Zing Forum

Reading

FindingLLMFeatures: Exploring Geometric Feature Representations in Large Language Models

An open-source project exploring multi-dimensional geometric feature representations in GPT-2 Small, aiming to discover geometric structures like circles and rings formed by periodic concepts in the activation space, providing a new perspective for AI interpretability research.

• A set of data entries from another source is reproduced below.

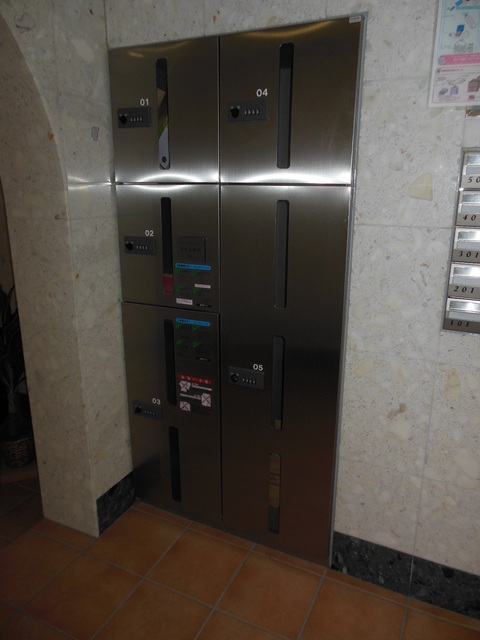 Other common areas. Courier is BOX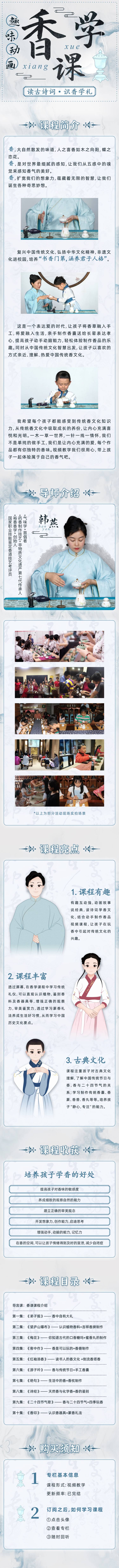 古诗词中的趣味少儿香学课
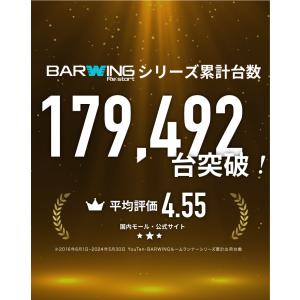 ★期間限定価格 4/1まで★ ルームランナー ...の詳細画像1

大语言模型可解释性特征工程几何表示GPT-2Transformer机器学习深度学习AI安全
Published 2026-05-08 09:44Recent activity 2026-05-08 10:34Estimated read 5 min
FindingLLMFeatures: Exploring Geometric Feature Representations in Large Language Models
1

Section 01

[Introduction] FindingLLMFeatures Project: Exploring Geometric Feature Representations in Large Language Models

FindingLLMFeatures is an open-source project exploring multi-dimensional geometric feature representations of large language models in GPT-2 Small. It aims to discover geometric structures like circles and rings formed by periodic concepts in the activation space, challenging the traditional assumption of linear representation and providing a new perspective for AI interpretability research.

2

Section 02

Background and Theoretical Basis

For a long time, the field of AI interpretability has assumed that large language models represent concepts using one-dimensional linear vectors, but recent studies have challenged this view. This project is based on two 2024 papers: Engels et al. proved that language models encode periodic concepts (such as the seven days of a week) using circles, and Marks et al. explored the linear structure of true/false datasets. Core hypothesis: The middle and later layers of GPT-2 Small encode periodic and relational data using circles, rings, or lattices.

3

Section 03

Research Methodology

A discovery-driven approach is adopted, with steps including: 1. Activation extraction: Use TransformerLens or nnsight to extract activation values from the residual stream of GPT-2 Small; 2. Manifold search: Clustering (e.g., K-Means) + PCA, focusing on clusters where the variances of the first two principal components are similar and high; 3. Validation: Compare linear probing with circular probing (fitting sinθ and cosθ). If the circular probing loss is lower, non-linear features are identified.

4

Section 04

Expected Findings and Challenges

Expected findings include circular representations of time-related concepts and star-shaped structures for linguistic categories (e.g., a central verb connecting tense conjugations). Challenges faced: 1. High-dimensional activation space (768 dimensions) makes search difficult; 2. After identifying geometric structures, automated annotation is needed to determine corresponding concepts; 3. Need to be alert to pseudo-geometric structures generated by Softmax or positional encoding.

5

Section 05

Technical Implementation and Toolchain

Based on the Python ecosystem, core tools include TransformerLens, nnsight (Transformer interpretability), scikit-learn (PCA/clustering), and matplotlib/plotly (visualization). Code modularization: Activation extraction module, geometric analysis module, probing validation module, and visualization module.

6

Section 06

Significance for AI Interpretability

If the widespread existence of multi-dimensional geometric structures is confirmed, it will change the research paradigm of AI interpretability. In practice, it can bring more precise intervention methods (current representation editing is based on linear assumptions) and provide a new theoretical basis for model compression and knowledge distillation.

7

Section 07

Conclusion and Outlook

FindingLLMFeatures represents an important direction for AI interpretability from linear assumptions to geometric understanding. Although it is in the early stage, the methodology has opened up new possibilities. More discoveries of geometric properties in the future will help understand the working principles of AI and provide key insights for building safer and more controllable AI systems.